Finish with lunch at Taiheimon, a long-established charcoal yakiniku house specialising in Tottori wagyu — a beef that has quietly won top national honours for its meat quality. Bought by the whole carcass, the cuts here rarely reach the table elsewhere; you grill the marbled beef yourself over charcoal, from premium loin to lean, deeply flavoured cuts. It is a satisfying, very local way to taste the prefecture’s signature beef, and a fitting close to a trip about the things Tottori does well and quietly — heritage, craft and food, far from the crowds of the famous cities to the east.
Practicalities for 2026
Inland Tottori is threaded by the JR Inbi Line and the local Wakasa Railway, and Chizu-juku and Wakasa can both be reached by train — but the old towns and the residence are spread out, so a car is the easiest way to link them in a day. Tottori City, the overnight base, is well served by rail and air and keeps the folk-craft sights clustered near the station within walking distance. The route is pleasant year-round, with cedar-green hills in summer and fine foliage in autumn; the one fixed constraint is the Ishitani Residence’s Wednesday closure. For the prefecture’s signature sight, pair this with our Tottori Sand Dunes guide.
FAQ
What is the Ishitani Residence? It is a vast early-twentieth-century merchant and forestry house in Chizu-juku, with around forty rooms and seven storehouses, now a National Important Cultural Property celebrated for its master carpentry and gardens. Visitors walk freely through the rooms, tea spaces and gardens; it is open most days but closes on Wednesdays.

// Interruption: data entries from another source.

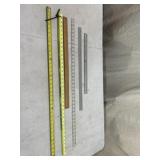 Yard Measurement Sticks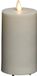 Konstsmide 1635-115 LED-kaars Crème-wit Warmwit (Ø x h) 76 mm x 180 mm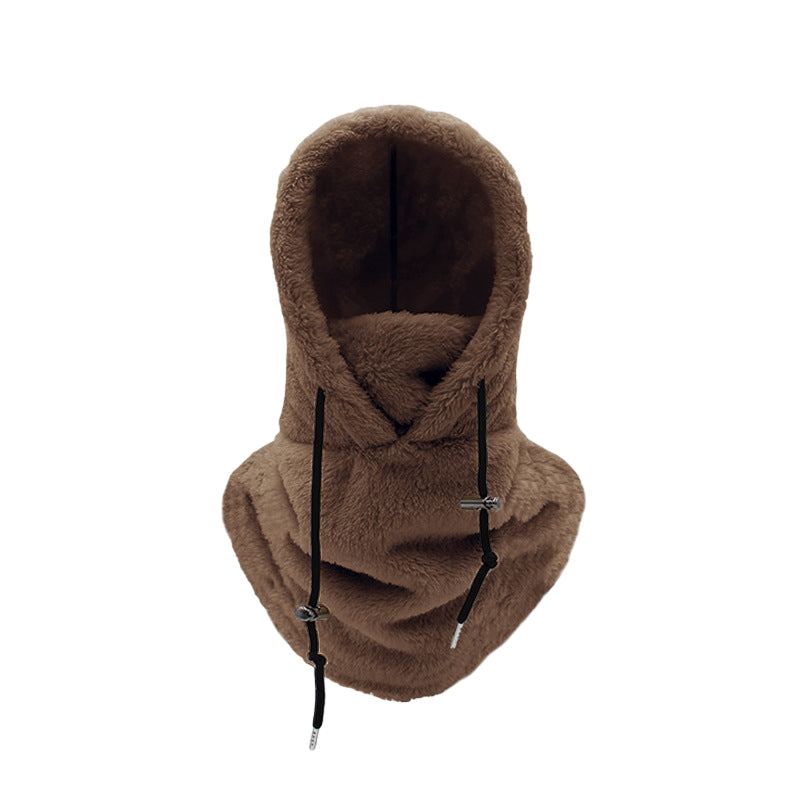Cagoule Imperméable et Chaude pour Homme et Femme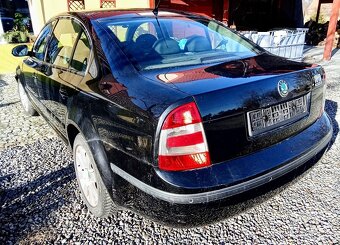 skoda super b     2007 rok    uszkodz.. silnik - 5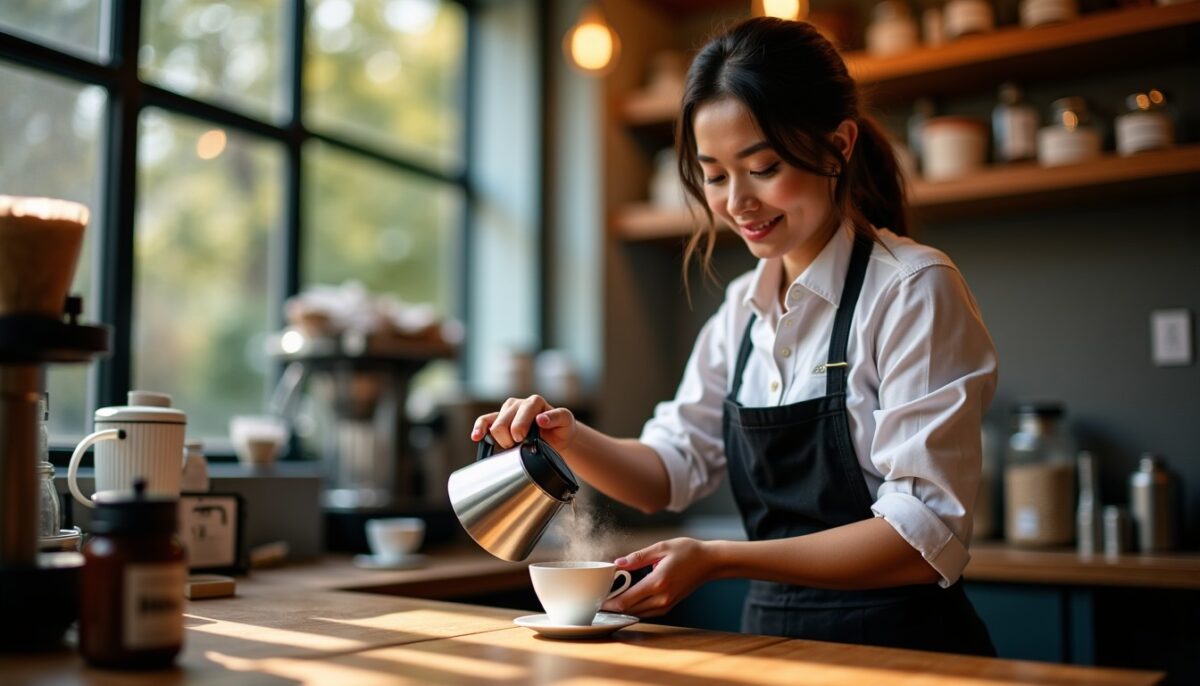 Le café : une aventure sensorielle du grain à la dégustation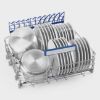 Smeg 60cm Semi Professional Freestanding Dishwasher with 14 place drawer 3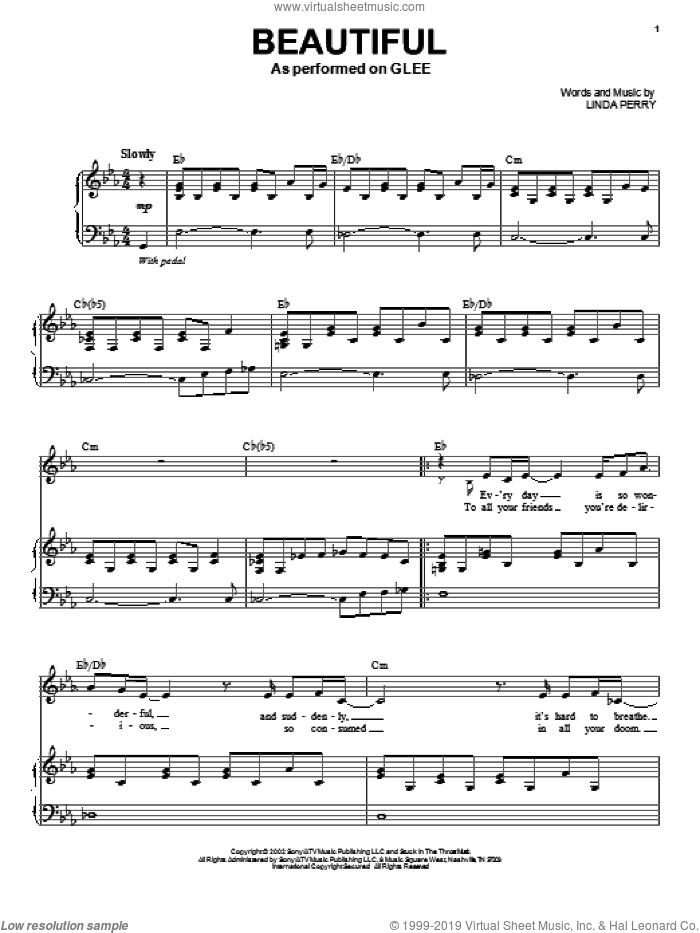 Free Pretending by Glee Cast sheet music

What is Chizu-juku? Chizu-juku is the old post-town district of Chizu, a former station on the Inaba Kaido highway through the mountains. Its main street preserves dark-timbered inns, merchant houses and storehouses, and it is the gateway to the Ishitani Residence. It is free to stroll.

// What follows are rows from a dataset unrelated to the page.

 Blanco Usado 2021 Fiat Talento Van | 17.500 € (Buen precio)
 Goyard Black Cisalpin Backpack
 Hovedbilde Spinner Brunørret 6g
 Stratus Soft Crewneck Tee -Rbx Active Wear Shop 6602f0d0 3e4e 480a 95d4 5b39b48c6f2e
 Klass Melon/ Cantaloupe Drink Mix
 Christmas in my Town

Why is Tottori known for folk crafts? Tottori became a stronghold of Japan’s mingei (folk-craft) movement through the collector Shoya Yoshida, a disciple of the movement’s founder. The Tottori Folk Crafts Museum holds his collection, and the adjoining Takumi shop still sells regional crafts such as Ushinotoya pottery, keeping the tradition alive.
Can I buy authentic Tottori crafts? Yes. The Takumi craft shop next to the Folk Crafts Museum near Tottori Station sells regional mingei pieces — San’in pottery, dyed and woven cloth, woodwork, washi and lacquer — chosen with the movement’s eye for honest, useful beauty. It is the best place for a genuine local craft rather than a generic souvenir.
Is inland Tottori doable without a car? Partly. Chizu and Wakasa are on the JR Inbi and Wakasa Railway lines, and Tottori City’s craft sights are walkable from the station. But the inland towns and the Ishitani Residence are spread out, so a rental car makes the first day far smoother and is the recommended option.